Tuesday, August 5, 2025

Johnnies offer first glimpse of potential contender in summer practice

St. John’s opened practice Tuesday to media, who got to see potential Top 5 Red Storm outfit for first time this summer. (Photo by Jaden Daly/Daly Dose Of Hoops)

NEW YORK — After a 31-win season, the program’s first conference championship and NCAA Tournament victory in a quarter-century, and a turnaround at a breakneck pace, St. John’s stands across from perhaps the most anticipated season of basketball since Lou Carnesecca piloted the then-Redmen to a Final Four in 1985.

The Red Storm—a consensus Top 5 outfit in most early prognostications and No. 1 according to CBS’ Gary Parrish—afforded a throng of media and boosters a preliminary look at the hype Tuesday morning, raising the curtain ever so slightly in a 90-minute practice as summer workouts come to a close before the fall semester begins in less than a month.

“The more excitement for the fans, the better the program,” head coach Rick Pitino said of the buzz surrounding his squad before the Johnnies begin the season on November 3. “It doesn’t affect our coaching, it doesn’t affect their playing, but look: If we got the program in the third year in the Top 5 preseason, that’s awesome.”

Pitino and his staff return only one starter from last season’s Big East regular season and tournament-winning unit, senior forward Zuby Ejiofor. However, the Hall of Fame tactician landed a cadre of talent in the transfer portal that ranked among the nation’s best incoming classes, a mega-haul of sorts that he termed the “best collection of people” he has coached over 50-plus years in the game.

“I’ve had a blast this summer coaching them,” he added. “They’re such a fantastic group to coach. I can’t tell you who has the best attitude because they’re all tremendous people.”

Despite the personnel additions, a repeated criticism throughout the offseason has been who St. John’s will play at the point guard spot after the Red Storm was helmed by Daniss Jenkins and Kadary Richmond over the past two seasons. Pitino dispelled those concerns Tuesday, extolling the versatility of his present group as it plays a positionless motion offense. Two of the transfers, Cincinnati castoff Dillon Mitchell and Providence expatriate Bryce Hopkins—the latter being no stranger to St. John’s or the Big East—have led the team in assists through the summer period.

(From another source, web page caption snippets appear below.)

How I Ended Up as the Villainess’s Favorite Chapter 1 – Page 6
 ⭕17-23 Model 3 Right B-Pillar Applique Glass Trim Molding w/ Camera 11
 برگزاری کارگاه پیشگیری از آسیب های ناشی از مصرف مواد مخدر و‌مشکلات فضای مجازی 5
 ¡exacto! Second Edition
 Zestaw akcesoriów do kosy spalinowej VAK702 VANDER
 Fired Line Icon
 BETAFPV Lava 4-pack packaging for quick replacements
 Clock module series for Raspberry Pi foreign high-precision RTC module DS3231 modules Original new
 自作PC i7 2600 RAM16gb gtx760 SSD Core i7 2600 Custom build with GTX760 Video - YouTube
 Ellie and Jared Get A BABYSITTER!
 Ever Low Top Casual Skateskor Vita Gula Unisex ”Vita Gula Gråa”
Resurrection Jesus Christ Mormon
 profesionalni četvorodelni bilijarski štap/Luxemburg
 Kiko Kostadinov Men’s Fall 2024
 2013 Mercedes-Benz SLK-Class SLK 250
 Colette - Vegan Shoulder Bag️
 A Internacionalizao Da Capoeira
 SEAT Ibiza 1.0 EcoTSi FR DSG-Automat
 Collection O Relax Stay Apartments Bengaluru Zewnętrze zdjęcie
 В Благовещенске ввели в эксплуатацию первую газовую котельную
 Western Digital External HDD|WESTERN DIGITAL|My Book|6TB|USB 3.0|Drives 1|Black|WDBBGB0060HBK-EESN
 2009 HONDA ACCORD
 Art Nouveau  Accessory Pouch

“I said this to the team: Who’s the point guard of the Knicks, the Lakers, the Celtics?” Pitino posited. “The point guard is totally done in basketball. The days of John Stockton are long gone. We just realized we have so many good athletes that we’re going to run a pointless system.”

“At the end of the summer, we didn’t expect this…Dillon Mitchell led the team in assists and Bryce Hopkins was second. So everybody handles the ball, everybody passes the ball. I think five-out has become such a big thing. I was used to it in Europe, and everybody’s running five-out offenses.”

While St. John’s looked noticeably better on the offensive end, where its shooting woes manifested at the worst possible time in its NCAA Tournament loss to Arkansas, the Red Storm defense did not sustain a major dropoff. In a full 40-minute, 5-on-5 scrimmage, the defensive end gained steam as the de facto contest went on. Pitino played Mitchell, Hopkins and Ejiofor together through most of the intrasquad scrimmage, and it is his hope that the three—along with returning sophomore Ruben Prey—can lead a physically imposing and multifaceted front line.

“They can guard one through five, which means you can switch and it makes your defense easier,” Pitino said. “Both Dillon and Bryce have gotten great at what we call body-to-body moves, after movement one-on-one. They’ve been great, very physical. Ruben’s been very big on the glass, but they’re all very, very close in ability.”

The gauntlet starts early and often for St. John’s, as the Red Storm jumps right into the fire following its opener against Quinnipiac, hosting nationally-ranked Alabama on November 8 at Madison Square Garden. Several other opportunities against ranked teams, including as many as three in the Players’ Era Festival during Thanksgiving week, await the Johnnies, whose coach devised the non-conference schedule to see exactly what he is working with as soon as possible with a roster that could potentially play 10 or 11-deep on any given night.

“I just felt that this was a veteran team that, let’s find out early on how good we are with Alabama,” Pitino remarked. “And then we’ll know what to work on to be a good tournament team at the end of the year.”

“We’re a very deep team. (Lefteris Liotopoulos) has made the upper-level national team in Greece, so he’s had a great summer. Imran (Suljanovic) will be back in six weeks (dislocated kneecap). It’s a good group. Now if they could just be as good defensively as last year, they’ll be a hell of a team.”